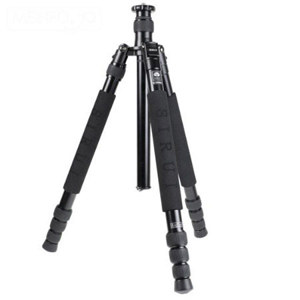  Sirui M-3004X 4-Section Aluminum Alloy Tripod, 69.7" Tripod Max Height, 69.3" Monopod Max Height, 39.6 lbs Load Capacity 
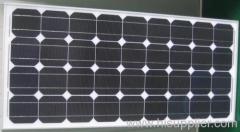 80watt monocrystalline solar panel with tuv iec ce iso cec certificate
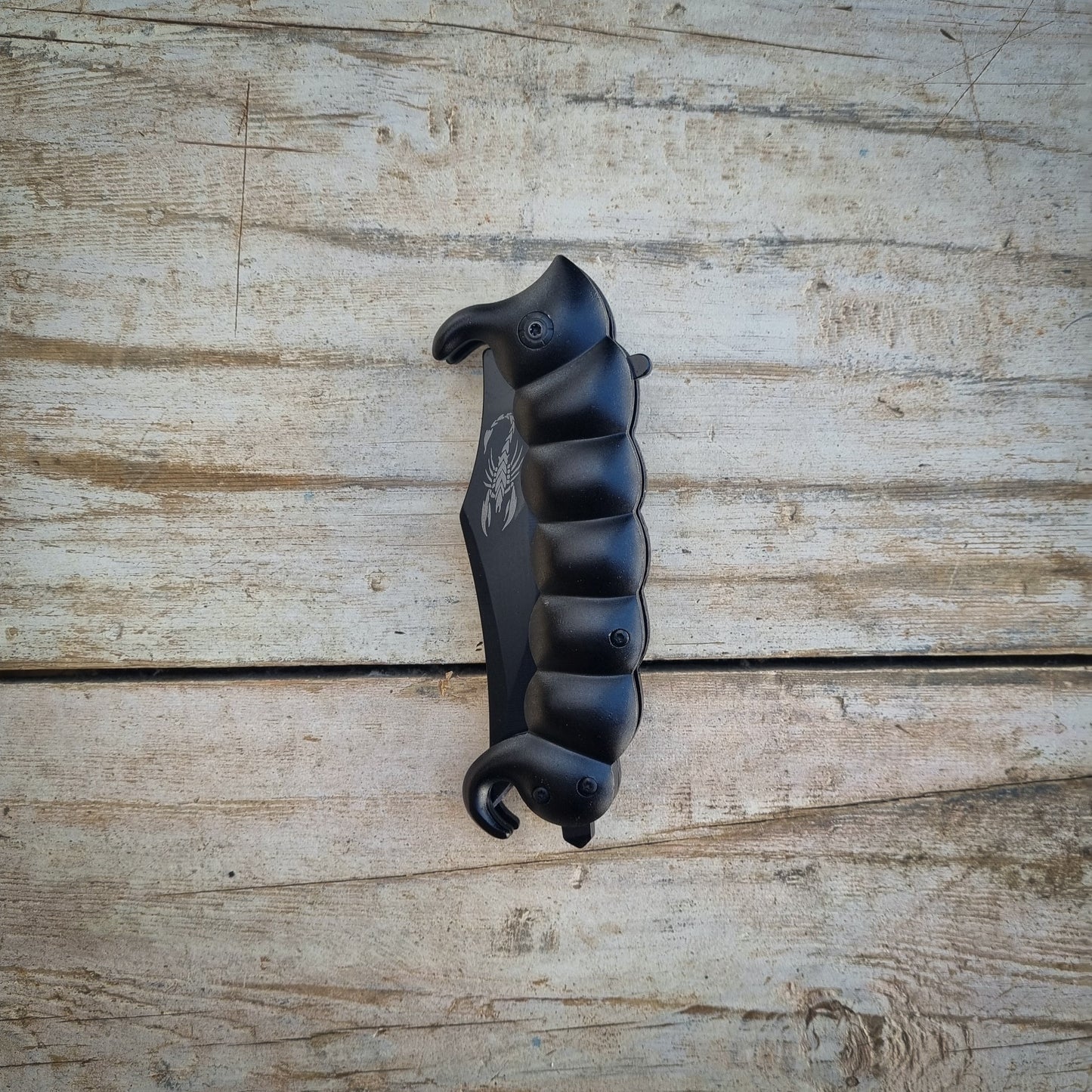 Blackened Scorpion Knife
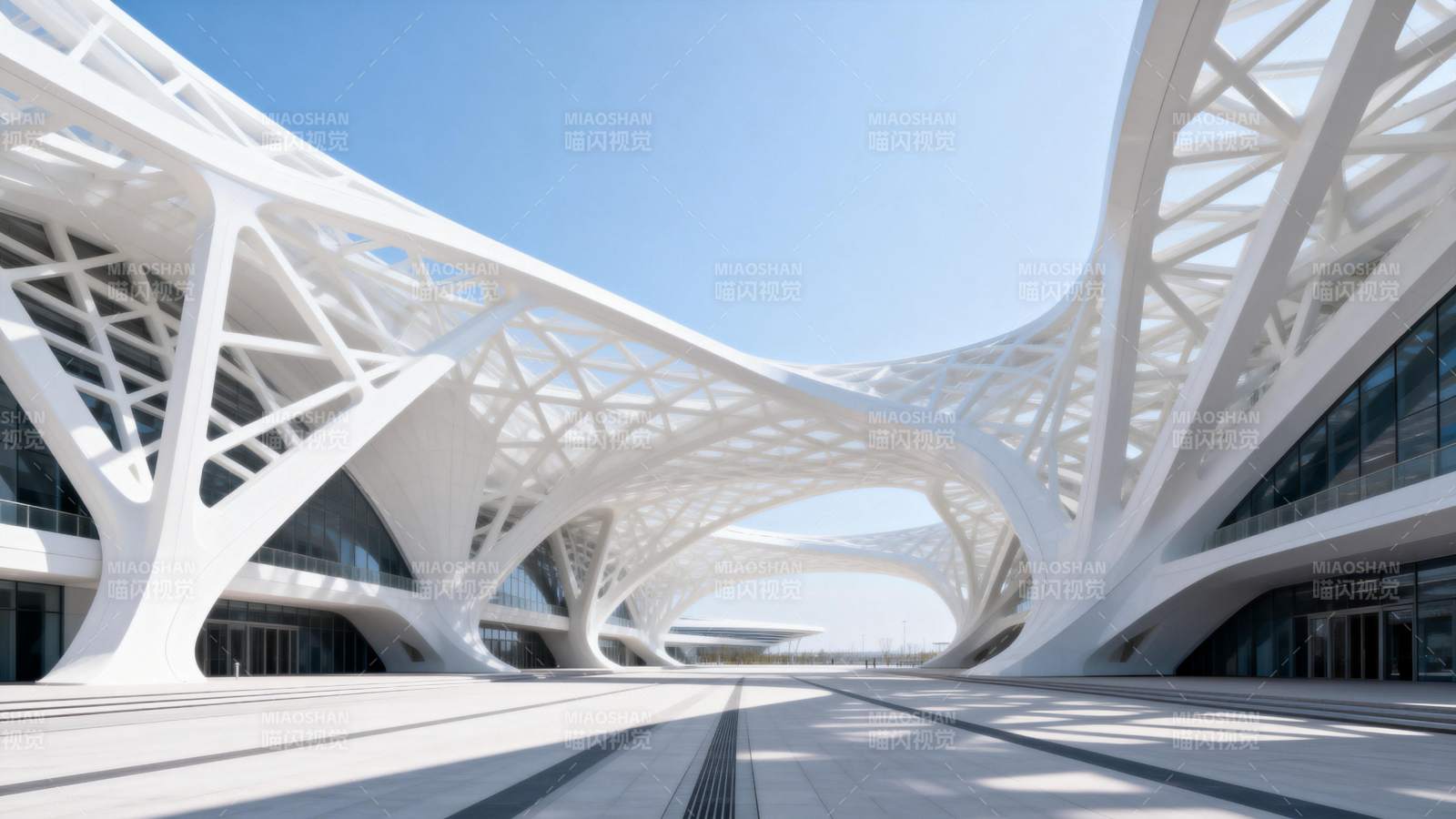 未来建筑之美图片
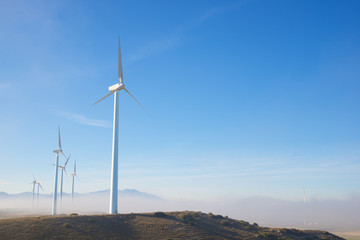 Wind energy concept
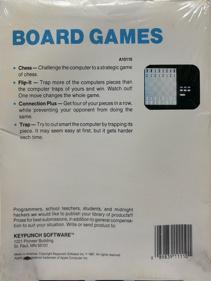Board Games - Box - Back (North America) - 902x1200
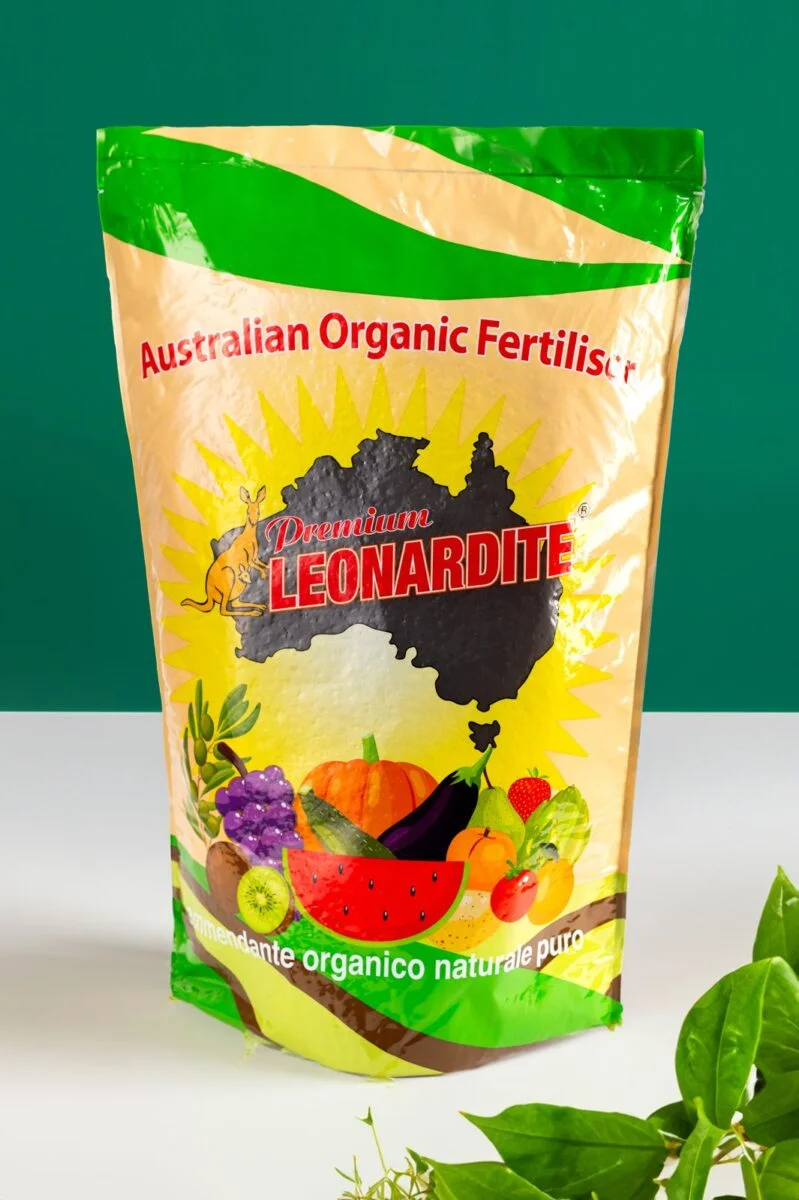 Leonardite Premium Granuli - Fertilizzante organico in granuli da leonardite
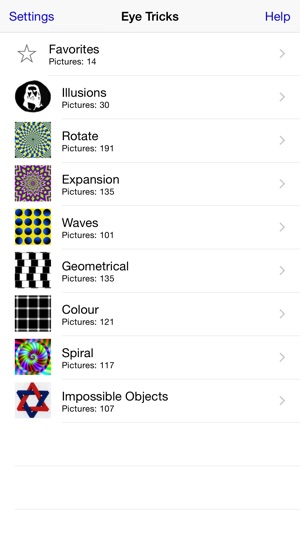 Eye Tricks - Amazing Collection(圖5)-速報App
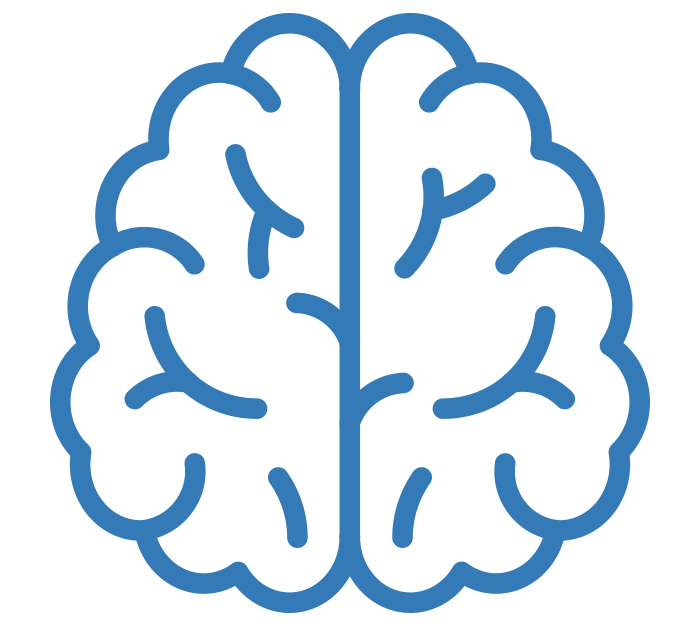 Icon representing the brain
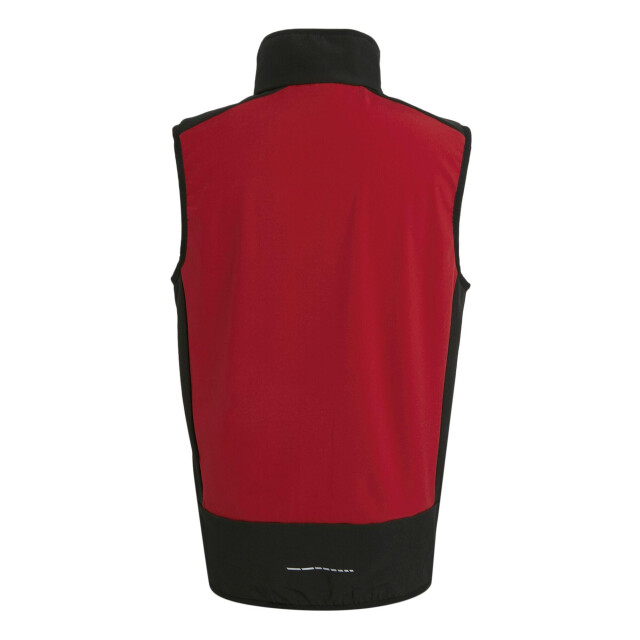 Regatta Heren e-volve colour block softshell bodywarmer UTLT209_classicredblack large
::::::::
Work instruction: All of the data above needs to be retyped exactly, with the pictures removed.

Answer to this exercise:
  Sirui M-3004X 4-Section Aluminum Alloy Tripod, 69.7" Tripod Max Height, 69.3" Monopod Max Height, 39.6 lbs Load Capacity 
 80watt monocrystalline solar panel with tuv iec ce iso cec certificate
 Blackened Scorpion Knife
 未来建筑之美图片
 Wind energy concept
Board Games - Box - Back (North America) - 902x1200
 Leonardite Premium Granuli - Fertilizzante organico in granuli da leonardite
 Eye Tricks - Amazing Collection(圖5)-速報App
 Icon representing the brain
 Regatta Heren e-volve colour block softshell bodywarmer UTLT209_classicredblack large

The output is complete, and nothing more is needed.